## TASK DIRECTIONS
Up to and including the line with "Piracicaba Brazil Minimalist", return every line from the start of the entries below exactly.

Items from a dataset
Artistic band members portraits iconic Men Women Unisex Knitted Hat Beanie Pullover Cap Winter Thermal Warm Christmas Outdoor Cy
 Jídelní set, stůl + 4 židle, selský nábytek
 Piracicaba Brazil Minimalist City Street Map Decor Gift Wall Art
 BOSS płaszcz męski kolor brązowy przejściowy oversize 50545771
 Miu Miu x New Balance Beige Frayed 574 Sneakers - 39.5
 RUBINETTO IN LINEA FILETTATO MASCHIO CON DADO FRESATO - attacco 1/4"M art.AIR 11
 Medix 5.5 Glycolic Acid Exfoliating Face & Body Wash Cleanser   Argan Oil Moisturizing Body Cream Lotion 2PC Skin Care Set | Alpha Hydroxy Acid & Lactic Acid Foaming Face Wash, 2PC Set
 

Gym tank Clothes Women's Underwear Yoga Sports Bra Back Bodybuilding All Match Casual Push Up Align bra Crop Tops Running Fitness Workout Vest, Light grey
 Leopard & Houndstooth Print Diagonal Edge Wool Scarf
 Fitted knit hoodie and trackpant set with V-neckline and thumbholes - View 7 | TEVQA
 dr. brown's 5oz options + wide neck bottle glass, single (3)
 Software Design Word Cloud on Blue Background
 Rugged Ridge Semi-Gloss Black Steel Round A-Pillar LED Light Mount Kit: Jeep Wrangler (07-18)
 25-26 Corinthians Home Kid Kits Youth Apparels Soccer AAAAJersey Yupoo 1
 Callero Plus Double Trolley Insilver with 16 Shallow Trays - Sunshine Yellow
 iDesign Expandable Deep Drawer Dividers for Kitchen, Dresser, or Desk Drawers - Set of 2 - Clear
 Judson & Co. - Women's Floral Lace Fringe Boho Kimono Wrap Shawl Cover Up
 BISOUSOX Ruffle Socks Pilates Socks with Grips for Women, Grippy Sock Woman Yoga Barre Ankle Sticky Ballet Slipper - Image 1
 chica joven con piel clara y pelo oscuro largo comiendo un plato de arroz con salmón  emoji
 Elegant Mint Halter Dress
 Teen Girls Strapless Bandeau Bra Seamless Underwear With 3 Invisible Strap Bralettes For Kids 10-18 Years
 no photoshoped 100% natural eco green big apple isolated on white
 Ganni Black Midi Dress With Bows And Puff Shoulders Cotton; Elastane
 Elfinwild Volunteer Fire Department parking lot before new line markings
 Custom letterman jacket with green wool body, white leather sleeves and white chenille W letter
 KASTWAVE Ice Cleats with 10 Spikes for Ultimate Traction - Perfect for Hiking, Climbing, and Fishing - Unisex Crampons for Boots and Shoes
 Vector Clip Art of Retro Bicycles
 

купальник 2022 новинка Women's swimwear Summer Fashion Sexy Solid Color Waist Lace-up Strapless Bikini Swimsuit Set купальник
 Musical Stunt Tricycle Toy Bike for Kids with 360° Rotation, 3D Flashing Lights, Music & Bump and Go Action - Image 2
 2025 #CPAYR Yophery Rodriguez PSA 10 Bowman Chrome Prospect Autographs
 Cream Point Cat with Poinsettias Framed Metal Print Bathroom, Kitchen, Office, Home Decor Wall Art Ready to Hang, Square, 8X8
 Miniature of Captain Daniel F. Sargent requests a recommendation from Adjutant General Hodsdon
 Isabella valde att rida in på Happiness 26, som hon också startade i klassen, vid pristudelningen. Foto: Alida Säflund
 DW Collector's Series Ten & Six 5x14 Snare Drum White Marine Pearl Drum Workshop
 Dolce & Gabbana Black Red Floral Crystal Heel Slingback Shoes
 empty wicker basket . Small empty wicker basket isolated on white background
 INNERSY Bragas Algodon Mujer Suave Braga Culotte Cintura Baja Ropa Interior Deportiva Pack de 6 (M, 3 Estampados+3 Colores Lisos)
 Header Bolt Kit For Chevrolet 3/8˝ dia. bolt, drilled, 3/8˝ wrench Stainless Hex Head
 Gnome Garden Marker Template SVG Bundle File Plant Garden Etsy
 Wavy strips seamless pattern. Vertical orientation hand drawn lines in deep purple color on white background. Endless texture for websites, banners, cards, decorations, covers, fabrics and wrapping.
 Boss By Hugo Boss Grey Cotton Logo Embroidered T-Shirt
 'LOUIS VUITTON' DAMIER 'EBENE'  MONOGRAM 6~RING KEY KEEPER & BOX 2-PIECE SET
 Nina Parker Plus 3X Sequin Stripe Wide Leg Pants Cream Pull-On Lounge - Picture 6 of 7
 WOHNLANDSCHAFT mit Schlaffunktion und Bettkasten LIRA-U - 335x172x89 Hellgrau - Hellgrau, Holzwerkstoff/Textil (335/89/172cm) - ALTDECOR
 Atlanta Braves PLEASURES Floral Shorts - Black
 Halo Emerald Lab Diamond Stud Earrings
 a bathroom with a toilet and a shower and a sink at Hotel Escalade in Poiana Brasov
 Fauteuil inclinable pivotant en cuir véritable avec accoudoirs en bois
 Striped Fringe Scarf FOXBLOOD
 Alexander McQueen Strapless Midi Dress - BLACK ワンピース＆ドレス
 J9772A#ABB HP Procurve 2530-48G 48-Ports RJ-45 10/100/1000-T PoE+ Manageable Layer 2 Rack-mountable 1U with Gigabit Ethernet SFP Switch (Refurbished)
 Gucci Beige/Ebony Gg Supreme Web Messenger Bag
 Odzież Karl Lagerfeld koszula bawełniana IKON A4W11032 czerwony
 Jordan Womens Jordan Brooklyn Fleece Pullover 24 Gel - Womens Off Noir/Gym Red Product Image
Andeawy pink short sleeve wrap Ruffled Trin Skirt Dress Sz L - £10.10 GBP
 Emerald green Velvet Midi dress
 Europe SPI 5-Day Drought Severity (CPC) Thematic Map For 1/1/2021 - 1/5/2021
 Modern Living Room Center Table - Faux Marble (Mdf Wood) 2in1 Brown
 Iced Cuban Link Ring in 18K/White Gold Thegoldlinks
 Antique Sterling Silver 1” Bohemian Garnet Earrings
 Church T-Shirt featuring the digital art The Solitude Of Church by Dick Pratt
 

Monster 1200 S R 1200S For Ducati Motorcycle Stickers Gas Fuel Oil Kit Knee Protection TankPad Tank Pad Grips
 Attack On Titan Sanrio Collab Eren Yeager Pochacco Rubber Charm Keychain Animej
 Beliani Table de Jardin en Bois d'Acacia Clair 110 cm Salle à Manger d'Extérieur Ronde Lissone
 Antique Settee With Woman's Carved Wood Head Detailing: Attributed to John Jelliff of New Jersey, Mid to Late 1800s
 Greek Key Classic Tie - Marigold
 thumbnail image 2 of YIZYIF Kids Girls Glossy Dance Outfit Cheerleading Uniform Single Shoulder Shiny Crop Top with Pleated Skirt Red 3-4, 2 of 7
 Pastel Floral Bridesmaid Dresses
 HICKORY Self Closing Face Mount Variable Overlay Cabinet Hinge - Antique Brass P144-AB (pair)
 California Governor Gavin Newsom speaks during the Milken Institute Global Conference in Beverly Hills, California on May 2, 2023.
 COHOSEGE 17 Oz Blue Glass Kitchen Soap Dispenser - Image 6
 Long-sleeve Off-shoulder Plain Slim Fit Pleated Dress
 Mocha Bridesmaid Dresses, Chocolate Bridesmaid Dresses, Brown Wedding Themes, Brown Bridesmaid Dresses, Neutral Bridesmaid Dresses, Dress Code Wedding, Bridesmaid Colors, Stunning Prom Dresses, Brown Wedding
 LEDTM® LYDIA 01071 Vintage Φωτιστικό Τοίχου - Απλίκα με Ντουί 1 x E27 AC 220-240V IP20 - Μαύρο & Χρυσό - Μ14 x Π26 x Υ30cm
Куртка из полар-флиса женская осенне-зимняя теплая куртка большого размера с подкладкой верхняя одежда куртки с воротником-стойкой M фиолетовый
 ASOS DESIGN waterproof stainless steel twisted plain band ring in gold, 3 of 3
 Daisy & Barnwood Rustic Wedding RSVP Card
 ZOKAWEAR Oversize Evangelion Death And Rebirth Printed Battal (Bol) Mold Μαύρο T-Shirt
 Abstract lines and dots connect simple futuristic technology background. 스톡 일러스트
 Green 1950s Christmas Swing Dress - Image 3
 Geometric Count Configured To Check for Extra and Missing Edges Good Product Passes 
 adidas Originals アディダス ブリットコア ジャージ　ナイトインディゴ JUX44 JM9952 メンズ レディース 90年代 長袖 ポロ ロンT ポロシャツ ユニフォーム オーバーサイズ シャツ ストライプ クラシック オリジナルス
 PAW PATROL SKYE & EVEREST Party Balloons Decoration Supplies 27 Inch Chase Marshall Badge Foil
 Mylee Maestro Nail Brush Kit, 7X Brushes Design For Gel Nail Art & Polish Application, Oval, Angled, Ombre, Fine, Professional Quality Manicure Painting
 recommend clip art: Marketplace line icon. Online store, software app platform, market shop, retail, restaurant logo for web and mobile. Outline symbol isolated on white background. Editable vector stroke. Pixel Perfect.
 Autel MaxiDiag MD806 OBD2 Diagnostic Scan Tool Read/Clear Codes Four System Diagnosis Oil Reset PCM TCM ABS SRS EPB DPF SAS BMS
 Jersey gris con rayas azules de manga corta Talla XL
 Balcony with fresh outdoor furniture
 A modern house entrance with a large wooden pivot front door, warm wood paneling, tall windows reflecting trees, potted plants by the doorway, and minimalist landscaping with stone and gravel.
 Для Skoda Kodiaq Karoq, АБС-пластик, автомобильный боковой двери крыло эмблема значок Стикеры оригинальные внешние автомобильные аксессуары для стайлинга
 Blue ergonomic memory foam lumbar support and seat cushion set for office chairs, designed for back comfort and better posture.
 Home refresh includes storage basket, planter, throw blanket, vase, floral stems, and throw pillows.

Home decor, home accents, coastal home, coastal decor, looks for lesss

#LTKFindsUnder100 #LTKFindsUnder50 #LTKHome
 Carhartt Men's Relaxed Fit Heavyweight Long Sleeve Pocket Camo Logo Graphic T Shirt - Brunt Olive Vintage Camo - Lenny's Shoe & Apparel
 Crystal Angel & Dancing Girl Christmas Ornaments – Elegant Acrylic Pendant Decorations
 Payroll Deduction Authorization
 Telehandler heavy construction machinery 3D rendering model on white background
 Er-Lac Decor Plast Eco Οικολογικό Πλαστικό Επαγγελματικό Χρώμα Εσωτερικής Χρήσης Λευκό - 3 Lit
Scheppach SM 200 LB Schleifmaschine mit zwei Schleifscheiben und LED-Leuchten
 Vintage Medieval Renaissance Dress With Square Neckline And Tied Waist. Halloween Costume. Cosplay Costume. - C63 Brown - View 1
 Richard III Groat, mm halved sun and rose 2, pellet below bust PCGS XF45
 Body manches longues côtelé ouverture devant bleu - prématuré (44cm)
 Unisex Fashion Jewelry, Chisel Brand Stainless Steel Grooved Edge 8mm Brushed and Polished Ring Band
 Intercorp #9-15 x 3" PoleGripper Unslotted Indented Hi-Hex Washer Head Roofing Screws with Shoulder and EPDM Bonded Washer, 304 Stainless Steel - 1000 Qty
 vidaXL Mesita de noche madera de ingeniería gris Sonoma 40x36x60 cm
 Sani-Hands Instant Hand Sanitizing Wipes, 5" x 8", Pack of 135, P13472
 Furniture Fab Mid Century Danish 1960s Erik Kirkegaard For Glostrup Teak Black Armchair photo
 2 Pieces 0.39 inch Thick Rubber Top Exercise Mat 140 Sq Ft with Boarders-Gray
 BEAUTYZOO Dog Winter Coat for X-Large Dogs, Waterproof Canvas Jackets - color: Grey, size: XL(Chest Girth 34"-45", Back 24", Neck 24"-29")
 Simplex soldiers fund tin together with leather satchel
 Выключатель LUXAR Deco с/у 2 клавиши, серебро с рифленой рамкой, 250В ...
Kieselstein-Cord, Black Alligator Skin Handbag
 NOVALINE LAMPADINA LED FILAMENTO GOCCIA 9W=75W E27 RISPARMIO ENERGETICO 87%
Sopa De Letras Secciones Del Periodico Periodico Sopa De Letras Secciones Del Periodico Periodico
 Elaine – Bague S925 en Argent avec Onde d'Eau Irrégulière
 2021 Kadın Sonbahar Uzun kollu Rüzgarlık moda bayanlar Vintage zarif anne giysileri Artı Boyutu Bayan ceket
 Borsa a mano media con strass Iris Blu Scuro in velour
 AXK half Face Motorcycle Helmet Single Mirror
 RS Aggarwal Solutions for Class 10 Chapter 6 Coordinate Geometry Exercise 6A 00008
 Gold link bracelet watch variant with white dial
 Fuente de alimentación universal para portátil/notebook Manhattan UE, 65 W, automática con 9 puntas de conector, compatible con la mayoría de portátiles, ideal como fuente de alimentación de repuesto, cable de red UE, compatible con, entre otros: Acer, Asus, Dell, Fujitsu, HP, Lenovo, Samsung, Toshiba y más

## ANSWER FOR THIS EXERCISE
Artistic band members portraits iconic Men Women Unisex Knitted Hat Beanie Pullover Cap Winter Thermal Warm Christmas Outdoor Cy
 Jídelní set, stůl + 4 židle, selský nábytek
 Piracicaba Brazil Minimalist City Street Map Decor Gift Wall Art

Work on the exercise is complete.